Other Stuff to Know - 2
Greece — It's a Wonderful Country
There are two Greeces. First, there is the one you see portrayed in the worldwide media showing photos of protests and running articles about the country’s perilous financial position. And second, there is the Greece as it actually is when you spend time in the country, as I have been doing for 40 years. Far too many people outside of Greece are only aware of the first one which is both misleading and unfortunate, especially as the protests have mainly occurred in the center of Athens and rarely in the rest of the country.
Yes, Greece has suffered for decades from self-serving, wasteful and corrupt politicians and government officials. In hindsight, joining the Euro zone enabled the Greek government to go on a binge of borrowings, primarily from the banks of its fellow Euro members (who should have known better), and to create a false sense of entitlement that its citizens should receive numerous social benefits and early pensions that were unaffordable. To get elected, successive parties in power offered their supporters new civil service jobs and condoned a total lack of accountability for both government departments and state-owned companies, most of which operate at a huge deficit.
This path proved to be completely unsustainable. It was inevitable that the Greek government, Greece’s citizens and the country’s debtors would all face a day of reckoning. Today, Greece has reached the point where it has no choice but to face reality and take the necessary measures to get its house in order. While this is going to be a sobering, painful process for everyone involved, the end result will hopefully restore Greece to being a viable, responsibly functioning country where the faith and trust of its citizens in their government is restored. How long this will take, especially given the inevitable resistance on the part of vested special interest groups, no one knows. But, as the saying goes, when you have to swallow a frog, the best way to do it is quickly.
Now, let me describe the other Greece – the one I have experienced every summer for 40 years on my annual holidays there, first for only two weeks and then gradually longer until now for some three months. My wife and I fly from our home city of Calgary, Canada to Athens and then fly from Athens to the island of Skiathos in the Aegean Sea. As soon as I step off the plane and put my feet on the ground there, something special in the air seems to carry away all my cares and concerns, and I start to totally unwind and relax. It helps that we are always warmly greeted at the airport by Yiannis, a close Greek friend who lives on the island.

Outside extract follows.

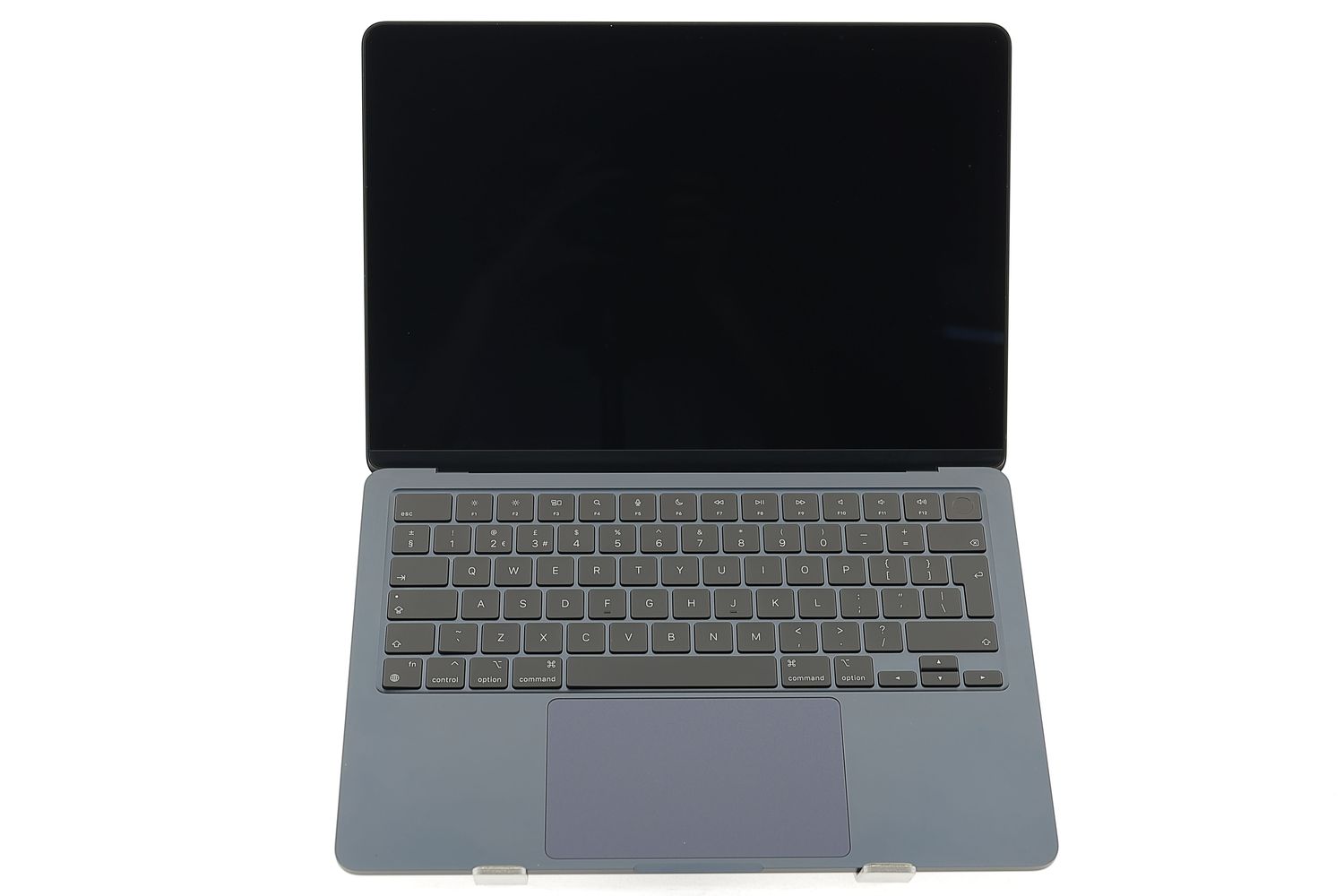 Apple MacBook Air 13″ 2024, M3 8 Cores, 8 GB, 8 core GPU 256 GB Midnight - Ca nou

On Skiathos, we stay at our family’s villa, originally built on the island by my mother in 1972. It is located just outside of the village of Skiathos. The island’s permanent population is about 8,000 but during the summer tourist season it rises to a peak of some 35,000. To say that the island is unbelievably beautiful is an understatement. Over 60 beaches ring the island and it has a great deal of greenery and vegetation. On our land, we have lots of olive, pine and eucalyptus trees as well as some almond, apricot, fig, lemon, orange, plum and pear trees.
Even more impressive than its natural beauty are the people of Skiathos. They have a terrific sense of humor and are warm, friendly, generous and eager to be helpful. Everywhere you go on the island, the Greeks there do a great job of making you have a wonderful experience being in Skiathos. At the beaches, restaurants, shops, bakeries, pharmacies, the health clinic, the car rentals, water skiing, going sailing, you are welcomed and looked after in the best possible manner.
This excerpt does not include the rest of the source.